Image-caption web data
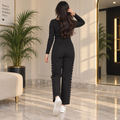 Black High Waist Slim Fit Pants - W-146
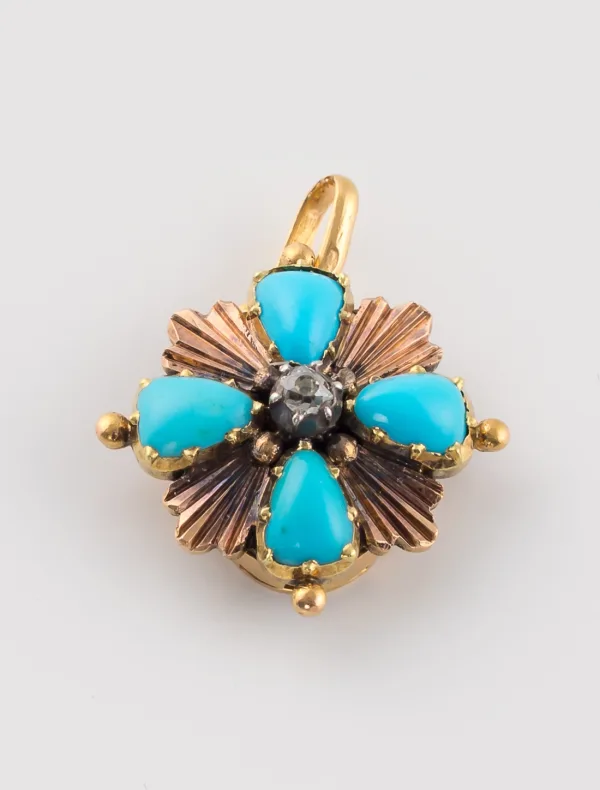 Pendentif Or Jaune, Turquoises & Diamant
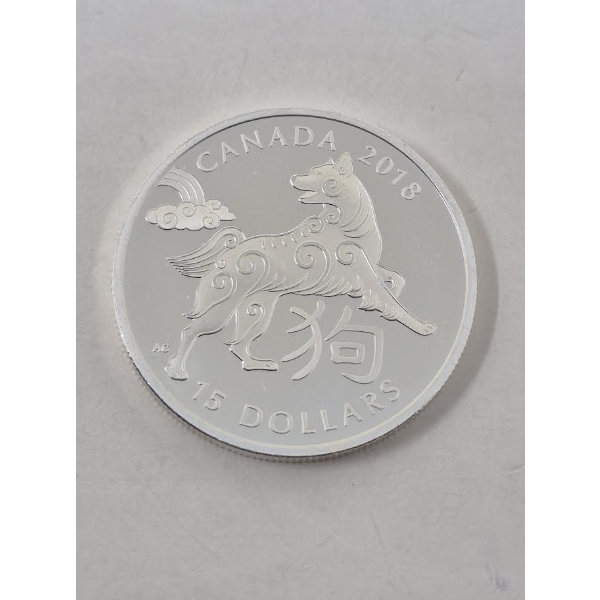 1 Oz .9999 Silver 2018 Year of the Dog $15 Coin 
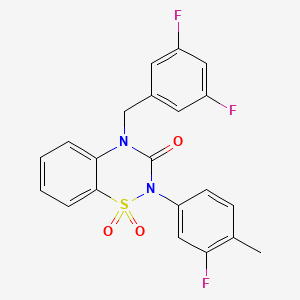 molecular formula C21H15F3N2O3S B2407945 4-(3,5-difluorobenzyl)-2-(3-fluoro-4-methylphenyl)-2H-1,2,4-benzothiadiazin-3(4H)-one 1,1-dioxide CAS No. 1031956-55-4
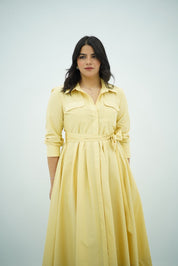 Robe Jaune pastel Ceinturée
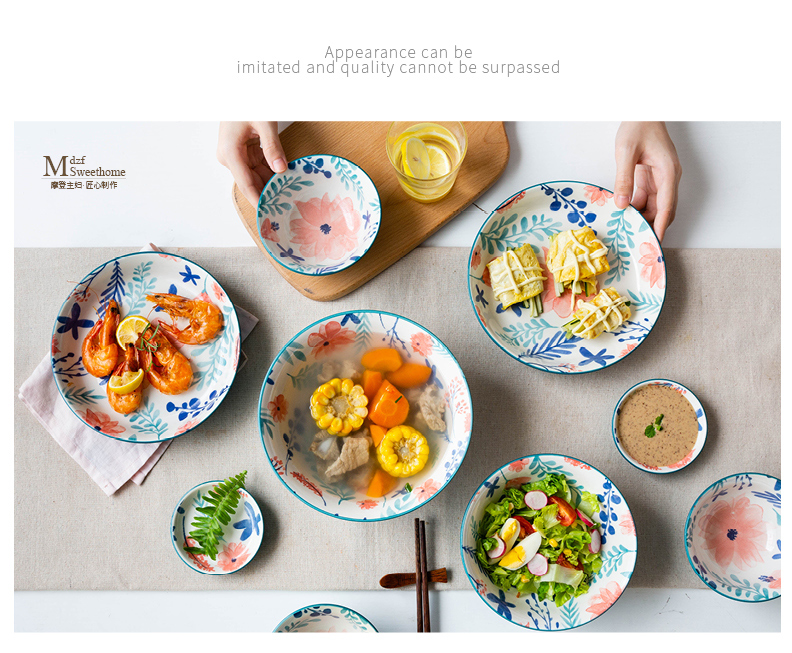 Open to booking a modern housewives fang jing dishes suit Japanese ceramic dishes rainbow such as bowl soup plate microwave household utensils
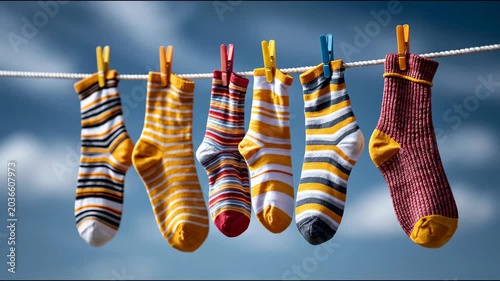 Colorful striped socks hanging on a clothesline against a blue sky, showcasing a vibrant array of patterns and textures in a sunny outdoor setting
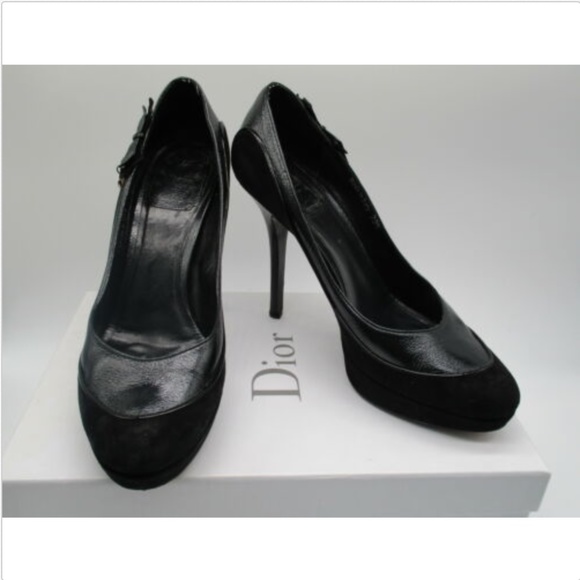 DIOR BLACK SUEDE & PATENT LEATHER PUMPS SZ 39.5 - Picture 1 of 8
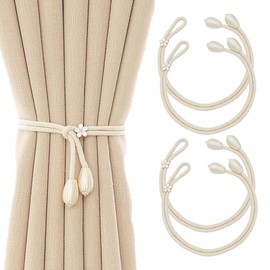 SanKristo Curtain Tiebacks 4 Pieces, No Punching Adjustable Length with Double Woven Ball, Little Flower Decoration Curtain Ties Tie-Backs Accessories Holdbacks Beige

▸ EXERCISE BRIEF
Your copy should hold exactly the lines from the line bearing "molecular formula C21H15F3N2O3S" through the end of the data, both included, and no pictures or anything further.

▸ SOLVED PROBLEM
 molecular formula C21H15F3N2O3S B2407945 4-(3,5-difluorobenzyl)-2-(3-fluoro-4-methylphenyl)-2H-1,2,4-benzothiadiazin-3(4H)-one 1,1-dioxide CAS No. 1031956-55-4
 Robe Jaune pastel Ceinturée
 Open to booking a modern housewives fang jing dishes suit Japanese ceramic dishes rainbow such as bowl soup plate microwave household utensils
 Colorful striped socks hanging on a clothesline against a blue sky, showcasing a vibrant array of patterns and textures in a sunny outdoor setting
 DIOR BLACK SUEDE & PATENT LEATHER PUMPS SZ 39.5 - Picture 1 of 8
 SanKristo Curtain Tiebacks 4 Pieces, No Punching Adjustable Length with Double Woven Ball, Little Flower Decoration Curtain Ties Tie-Backs Accessories Holdbacks Beige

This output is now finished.